The second issue is the true start of the main story, as Hack questions her crusade in the early stages of her first mission, and tries to figure out how exactly a broke sixteen-year-old dropout makes her way in the world as a monster killer. Her first target is Farmer Fig, a rural legend that plays out stories of
the "farmer's daughter" to a grisly end. Hack isn't sure she believes in these legends, if there are truly any more "lunch ladies" out there, and whether she has what it takes to do anything about it if there are. In order to go "undercover" amongst people her age, the typical victims of "slashers," Hack is far more successful at winning friends and influencing people than she ever was just being herself. Finding some kind of happiness and acceptance also makes Hack wonder if the new life she's chosen is really for the best.

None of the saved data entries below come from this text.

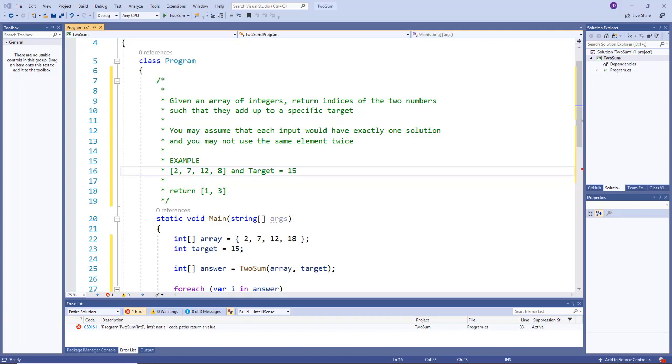Hey guys welcome back to another software engineer interview question. Today we're going to take a look at a very common interview question which is the two-sum question. The question is: given an array of integers, return indices of the two numbers such that they add up to a specific target.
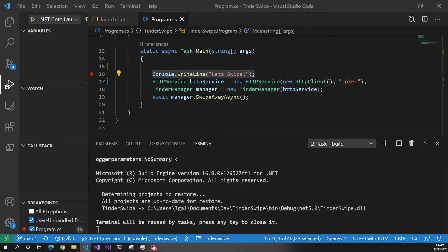Hey guys, welcome back to another Coding Flamingo video. In this video we're going to make a console application that can take inputs and be fancy with flags, a help page, description, and everything — with not that much code.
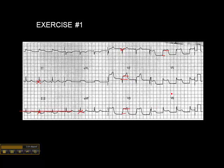Now let's look at the lateral leads. We have ST elevation in V5 and ST elevation in V6. Since we have it in these two leads, we'll look at the high lateral leads, which are 1 and AVL. There's ST elevation in lead 1, and there's ST elevation in AVL, which is very subtle. If you were to look at 1 and AVL in isolation, you might think, what the heck is that? But when you see it in combination with the elevation in V5 and V6, you know that you're dealing with a lateral wall infarct.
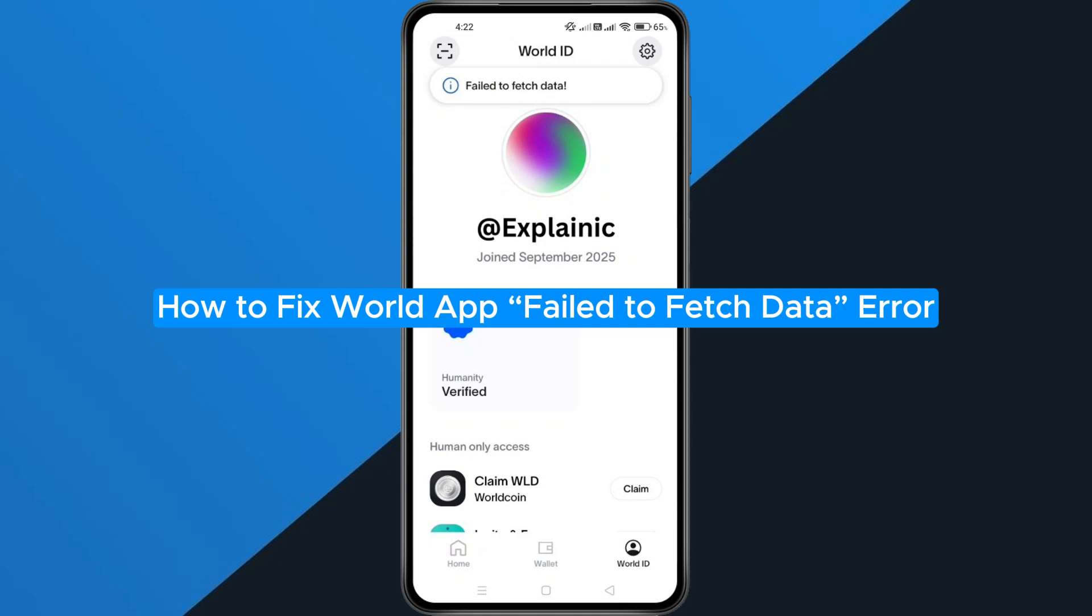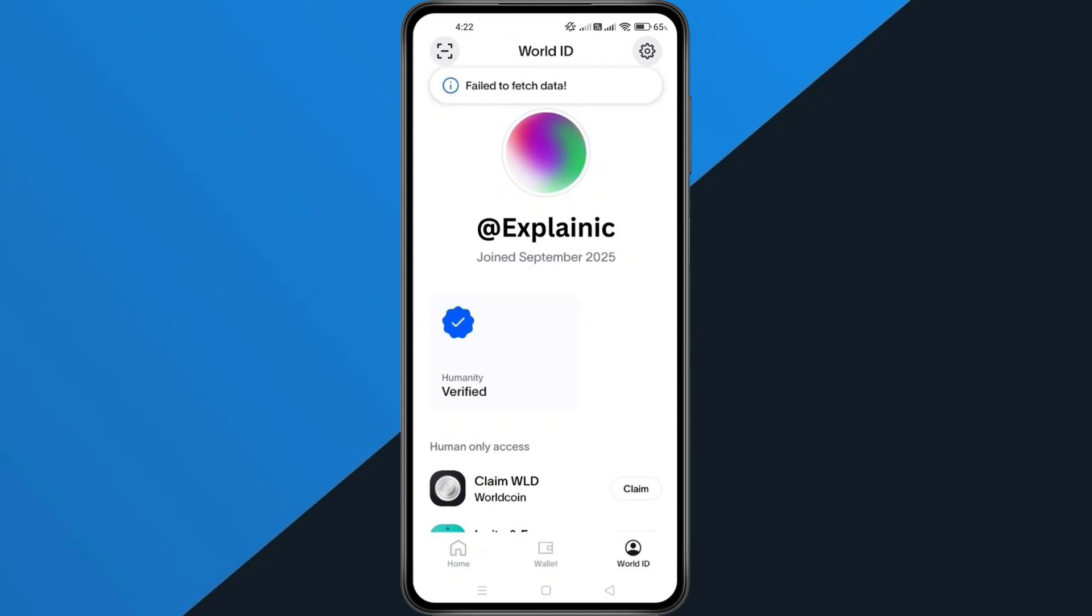How to Fix World App Failed to Fetch Data Error. Hey everyone, in this quick tutorial I'm going to show you exactly how to fix the World App error that says Failed to Fetch Data. If you keep seeing this message, don't worry. I'll walk you through all the steps to get it working again. Alright, let's dive in.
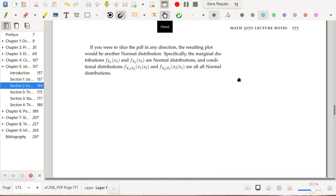An interesting property of the bivariate normal: fixing one variable and slicing gives a normal distribution, and collapsing gives normal marginals. Both the marginal distributions and the conditional distributions of a bivariate normal are normal distributions.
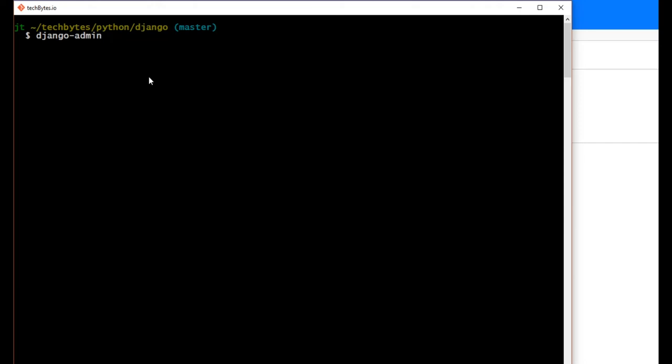So I'm going to say Django admin, and then we're going to put start project, and let's just call this, how about vagranty. And we'll build out our Django application or Django framework.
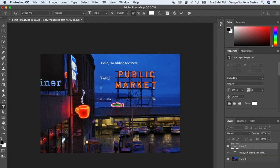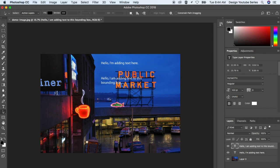See, just like that. And that's how you add text to an image in Adobe Photoshop.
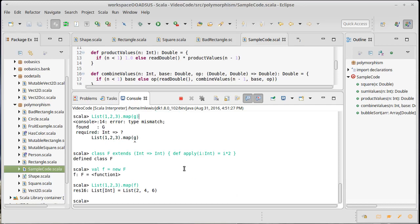If you want it to work in places that expect functions, you have to actually make it extend the function type that you want it to work as.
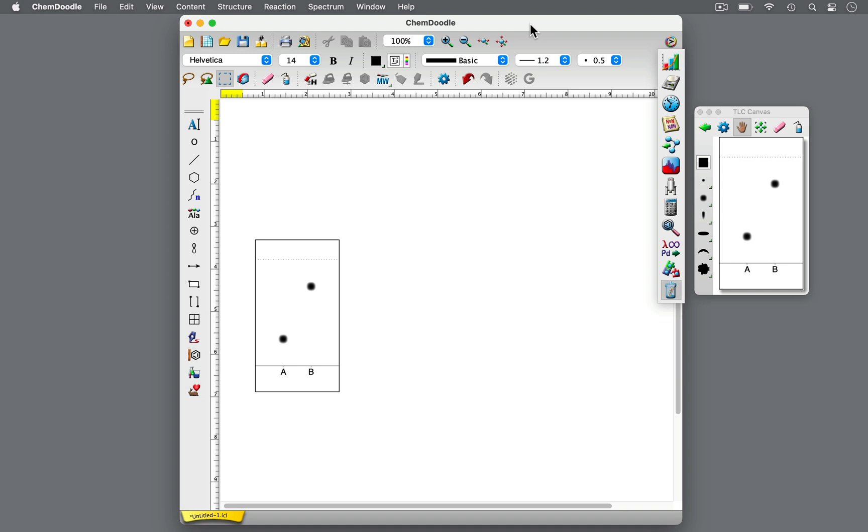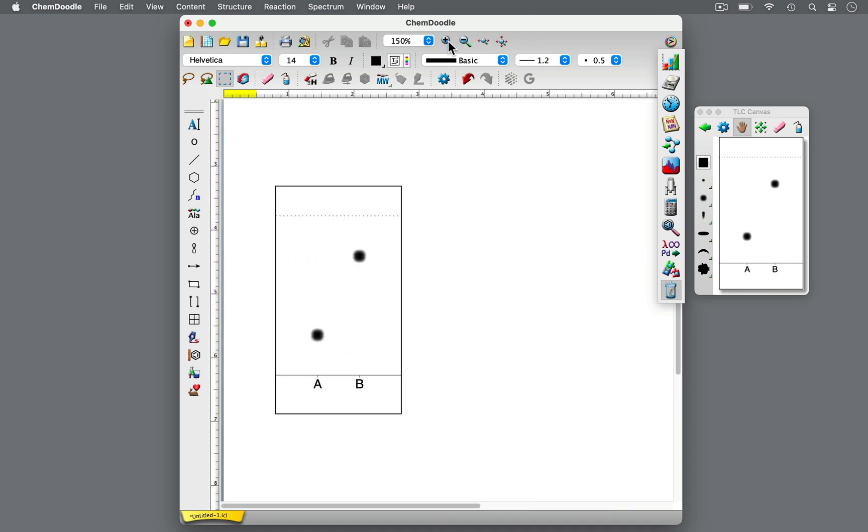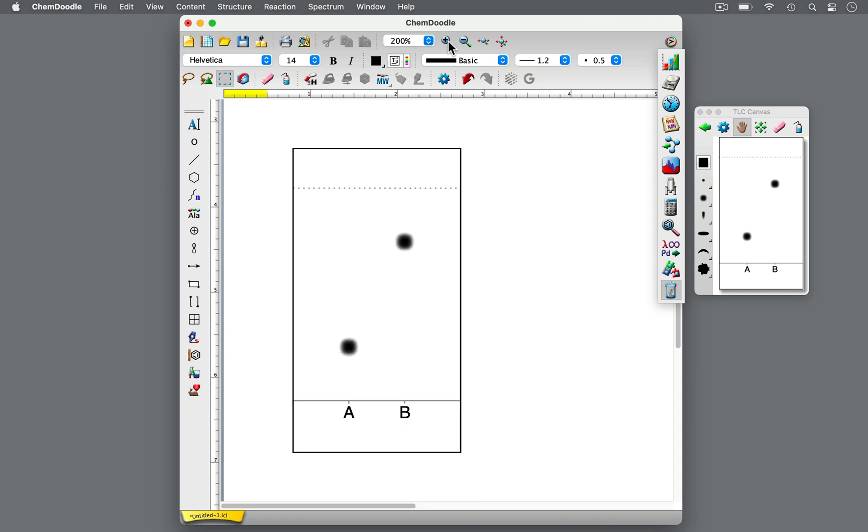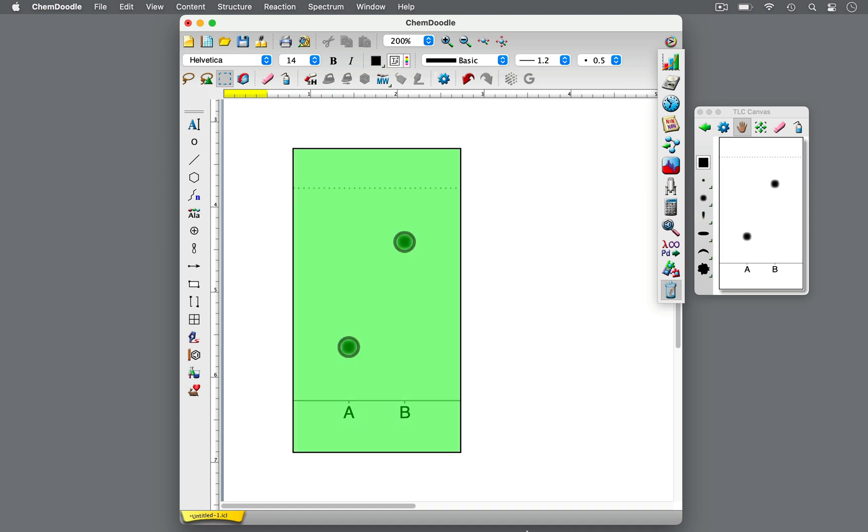Once the solvent has evaporated from the TLC plate, the spots can be visualized. Not all spots are colored, so a common technique for visualizing spots is with shortwave UV light at 254 nm. Under a UV lamp, the TLC plate fluoresces, while the samples are seen as dark spots. Circle and outline the spots with a pencil. Now the TLC plate can be analyzed.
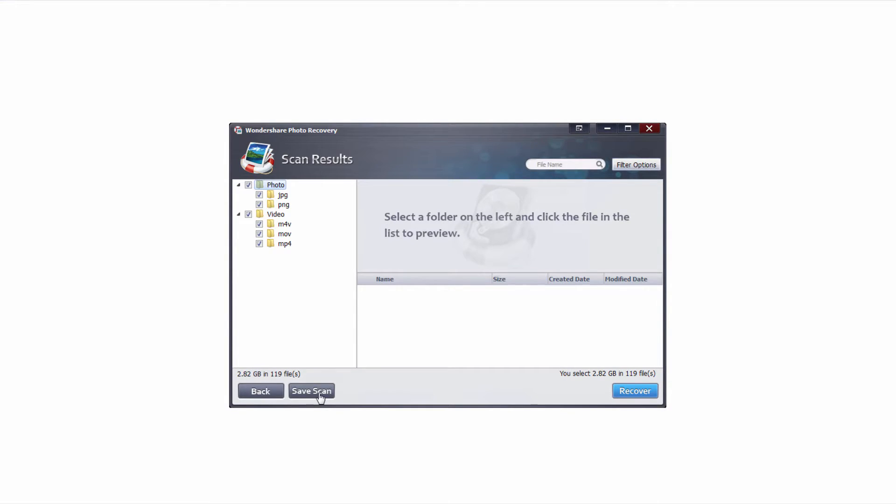Once the scan has completed it's gonna load up all of the files it found and it will also show us down here how many files it's found, 119 in just under 3 gigabytes.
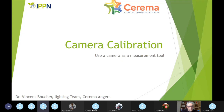We are happy to give you the floor, Vincent, to learn more about how to make a camera into more calibrated tools.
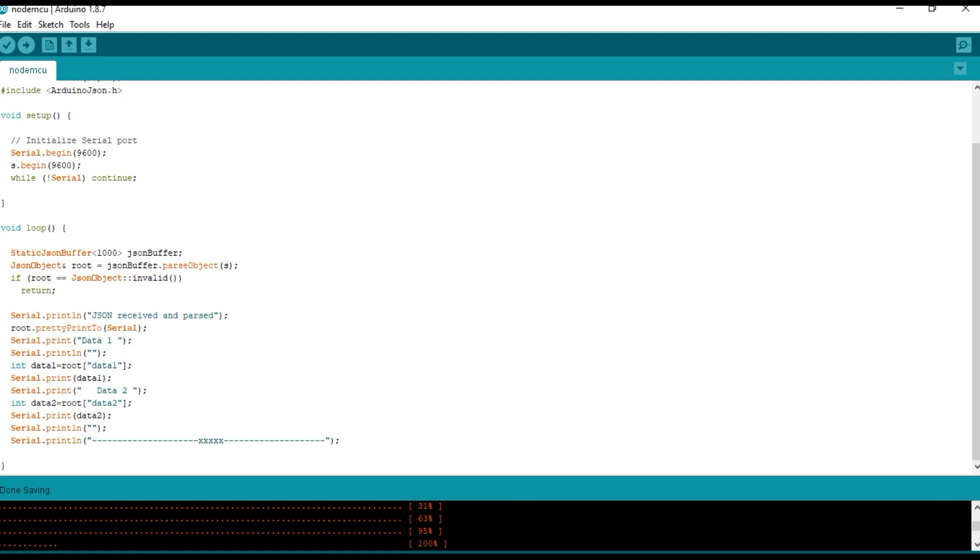If the data is not in the valid format, we return out of the loop.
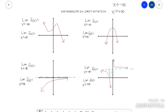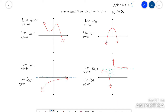End behavior is exactly what it sounds like — what does the line do at the end? There are two things to think about: what happens if you go to negative infinity on your X, and what happens if you go to positive infinity on your X. Going to negative infinity means going left; going to positive infinity means going right. On the x-axis, the furthest left you can go is negative infinity and the furthest right is positive infinity.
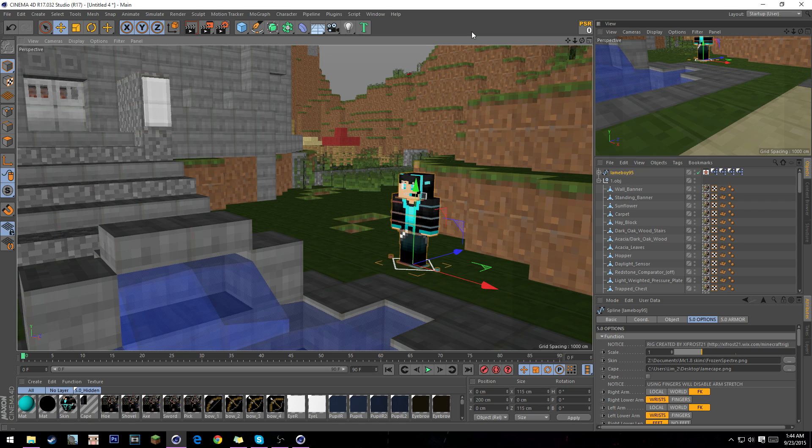Hey, what is up guys? It's SDVZOfficial and today I have a Cinema 4D tutorial for you.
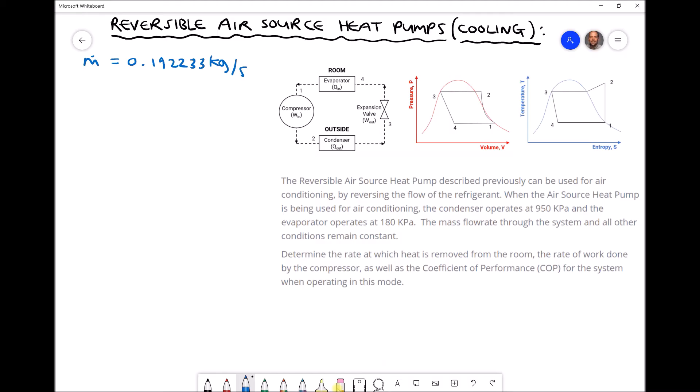This video is a continuation of the previous video where we looked at an air source heat pump being used for a heating application. In this video we're still looking at our reversible air source heat pump, but this time we're going to consider how it can be used for a cooling application or an air conditioning application.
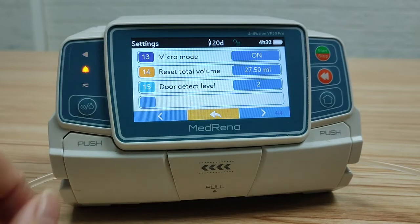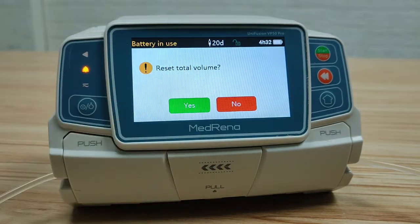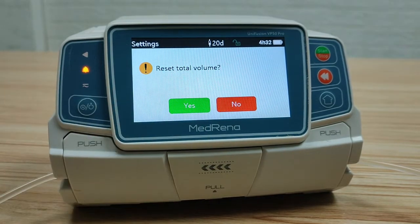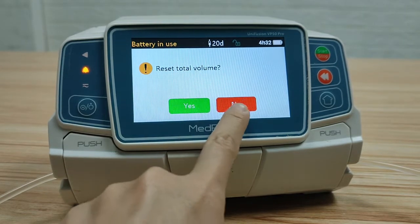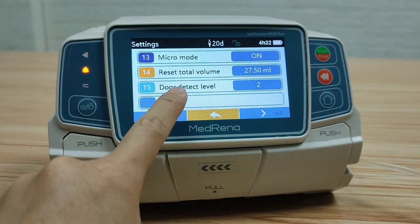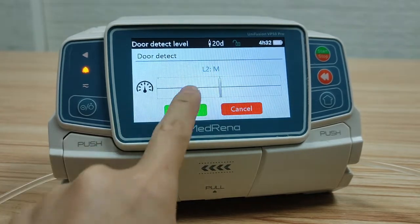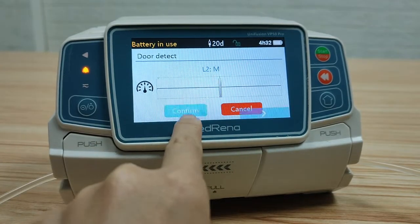Reset total volume: if selecting yes, the data of infused volume will be cleared. Door detect level: there are three levels for choosing.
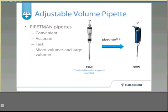The final evolution in pipettes are adjustable volume pipettes, invented by Dr. Warren Gilson in 1969. These are very important not only because they are accurate, but they also allow the technician to aspirate the exact volume they want. Pipetman pipettes are convenient, accurate, fast, and can pipette micro volumes of liquids all the way up to milliliters.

One of the things I dig about this series his how fully it just goes for it. A group of girls getting in a fight doesn't result in pulled hair or torn skirts, but bloody mouths with missing teeth and eyes swollen shut. Cassie Hack may only be "Canada legal," and exploiting her nubility is a tad uncomfortable, but I like how the artist also draws her kind of awkward and seemingly not yet comfortable in her movements. This isn't a 24-year-old actress in a pink blouse playing at being a teeny bopper, but more like a real young adult taking on more than she might be able to handle. Tim Seeley still provides covers for the individual issues, and his Cassie Hack is much more polished and highly functioning "indie-professional," but also very much model pretty. The interiors by Daniel Leister aren't meant for Marvel/DC, but in the same sense guys like Jack Kirby and Steve Ditko weren't suited for the Silver Age norm. His characters seem elongated and gawky, his aesthetic a bit too far off the mainstream path, which makes him perfectly suited for horror material of this stripe. From faces to figures to background to storytelling to action to gore, I find no fault in anything Leister offers in this book. He's apparently been the artist on this series since 2009, and I hope that he continues, because this is the perfect marriage of artist and material. If he ends up on Titans or some such shit, I'mona get pissed.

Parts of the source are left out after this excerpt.